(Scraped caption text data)

>>>>

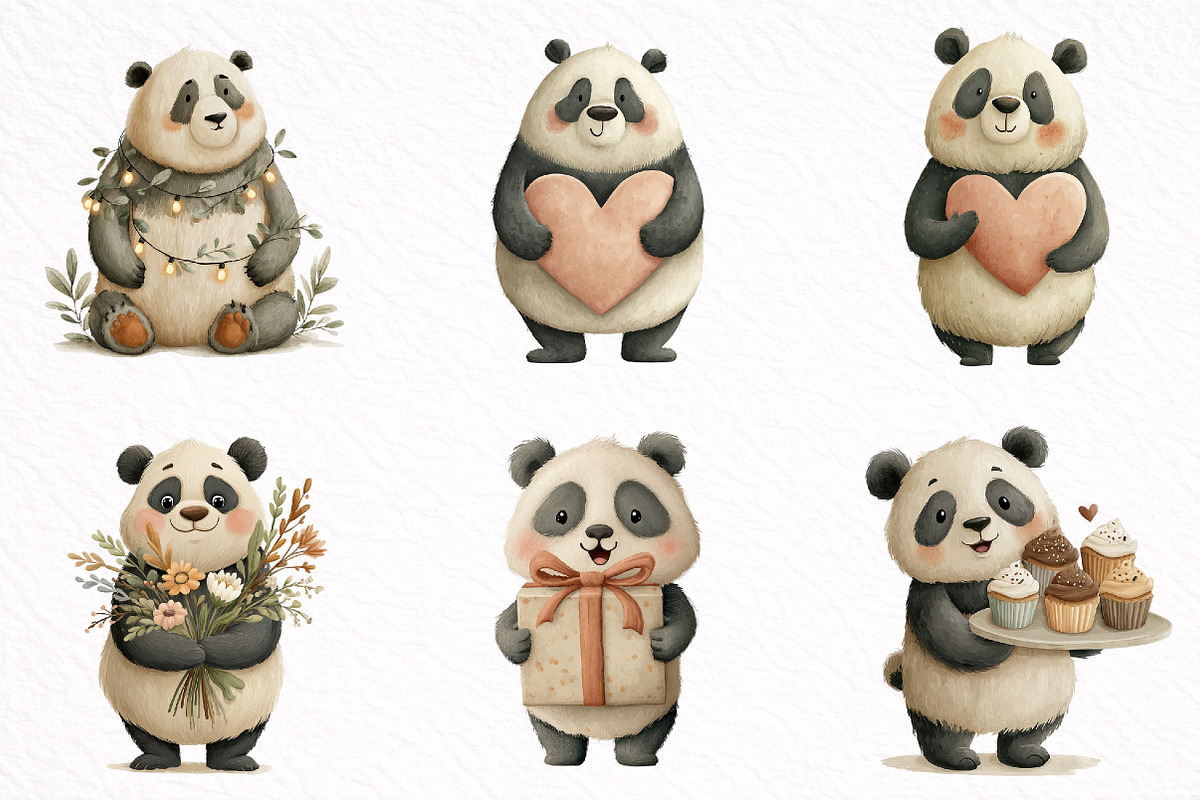 Mothers Day Funny Panda Clipart, an Illustration by DreamArtGraphic (Photo 2 of 8)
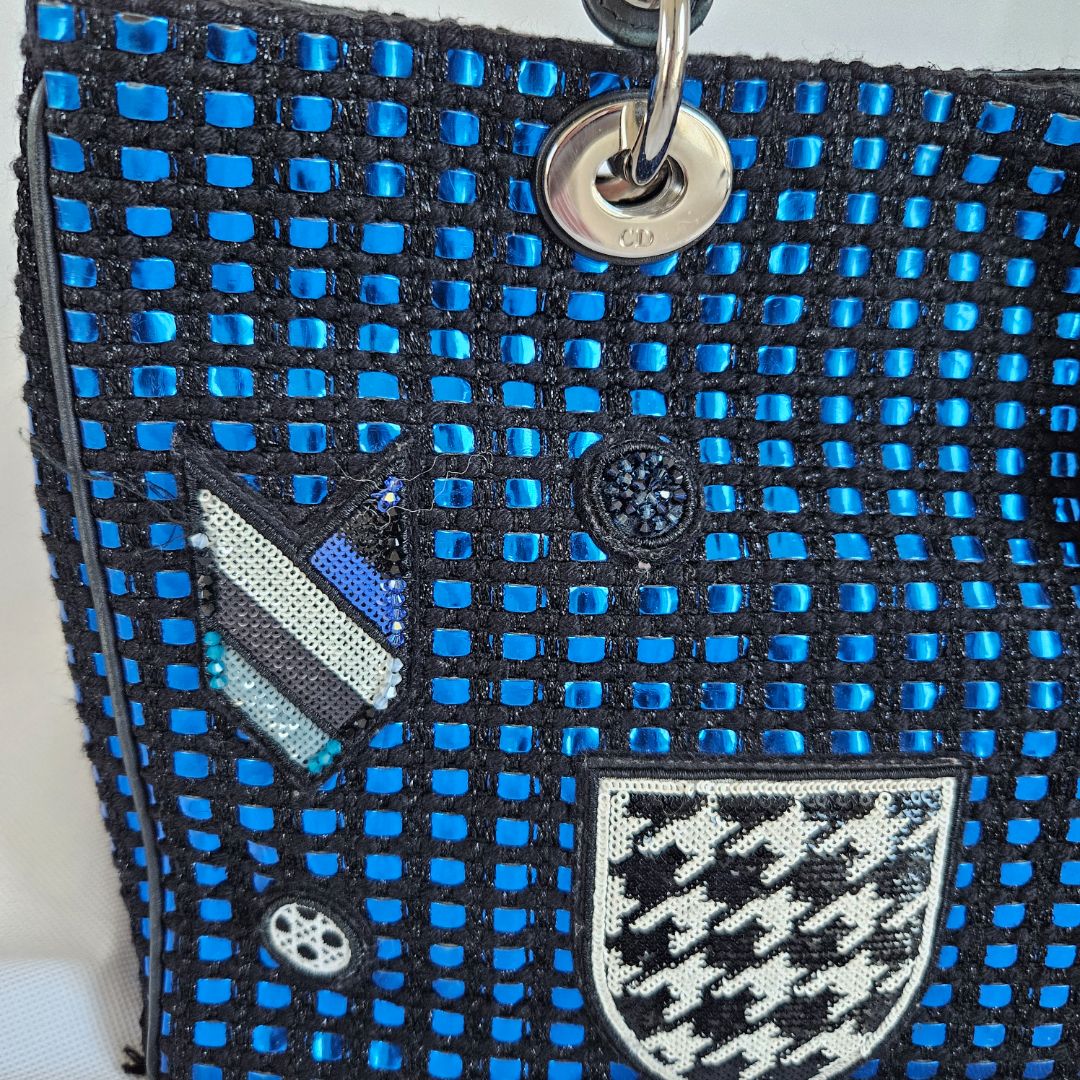 Dior Metallic Blue/Black Tweed and Leather Medium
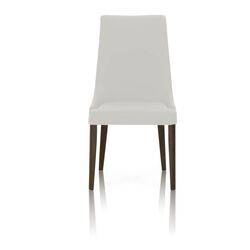 Dining Chairs With Sleek Wooden Legs Set of 2 White and Brown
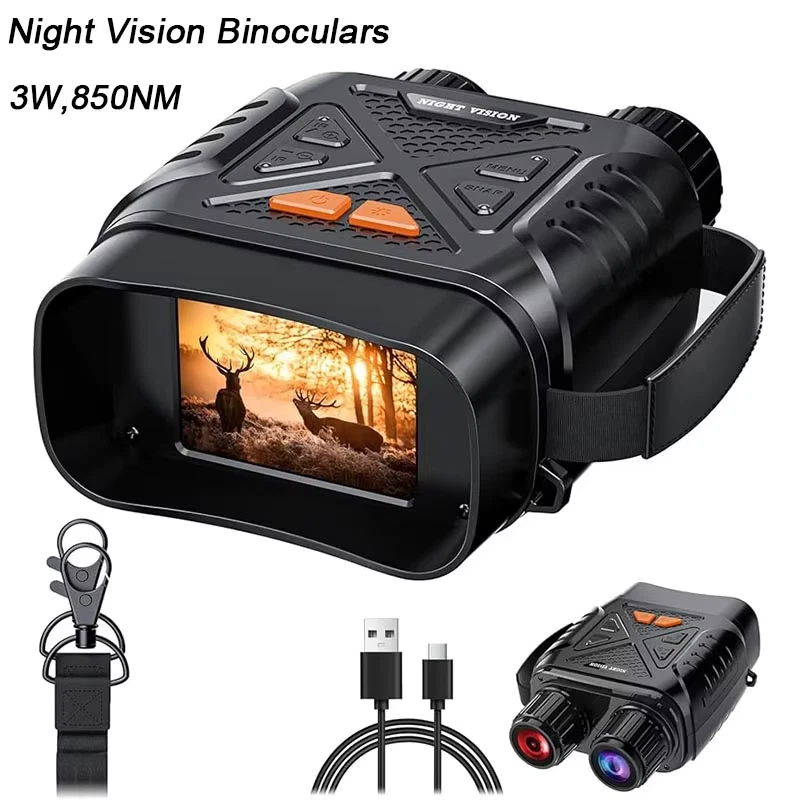 Binocolo visione notturna 1080P 10X infrarossi 800m con schermo 2.8" - Immagine 2 di 4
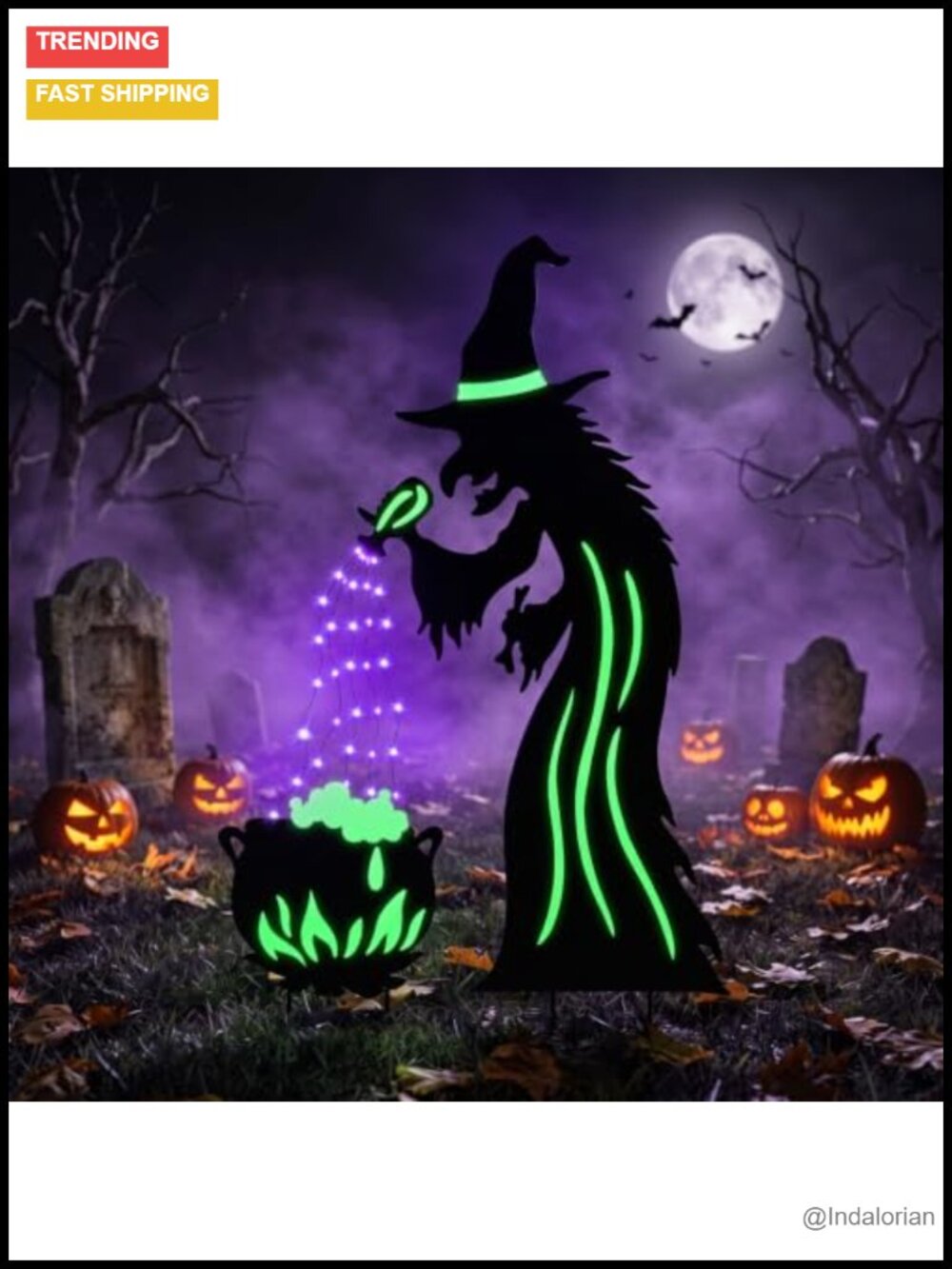 Metal Witch Yard Stakes with Solar Purple LED Lights, 2 Pack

<<<<

EXERCISE DESCRIPTION: Find the line containing "Binocolo visione notturna" in the records above, then copy it and every line after it exactly, through the last one, without any pictures.

SOLVED EXERCISE:
 Binocolo visione notturna 1080P 10X infrarossi 800m con schermo 2.8" - Immagine 2 di 4
 Metal Witch Yard Stakes with Solar Purple LED Lights, 2 Pack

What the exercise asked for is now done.